Cavendish has spent much of his first Tour de France for Team Sky riding in support of team-mate Wiggins, who is currently on track to become the first British rider to win the race.
The situation is a stark contrast to Cavendish's previous Tour campaigns, where he has invariably had a team built around him and enjoyed an extensive sprint train.
The 27-year-old still managed to claim one victory in the opening week, but has otherwise seen his chances reduced over the first 15 stages of this year's event.
And Wiggins is planning to show his gratitude by leading his compatriot out on the final stage in Paris, while Britain's Olympic road race squad is set to be devoted to Cavendish's bid for gold.

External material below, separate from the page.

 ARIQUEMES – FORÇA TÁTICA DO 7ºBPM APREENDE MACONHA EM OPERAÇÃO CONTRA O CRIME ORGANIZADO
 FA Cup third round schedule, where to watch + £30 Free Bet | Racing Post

"Mark has been fantastic these last two and a half weeks," said Wiggins, who holds a lead of two minutes and five seconds over team-mate Chris Froome.
"He's been so committed to my cause - to the yellow jersey - and he's a great champion and a great friend.
"Obviously there is still the stage to Paris for him and we're going to lay it down in Paris for him and try and get him the win there.
"He's also got the Olympic road race which he's been quite open about. That's his main objective this year.
"It's a shame that he hasn't had the chance to race for more stage wins but in the end we've got a difficult task on our hands to try and win the yellow jersey.
"So far, he's played a big part in that. We've seen him going back for bottles and (on stage 14) he tried really hard to get over that first climb with us. He's also been an absolute gentleman this week."
Wiggins and the rest of the peloton enjoy a rest day on Tuesday before two pivotal days in the Pyrenees on Wednesday and Thursday.
The 32-year-old has passed all the climbing tests so far and also has a 53.5km time-trial on Saturday to look forward to, but he is staying grounded despite closing in on an historic victory.
He added: "I always think if you start looking too far ahead you forget what's in front of you."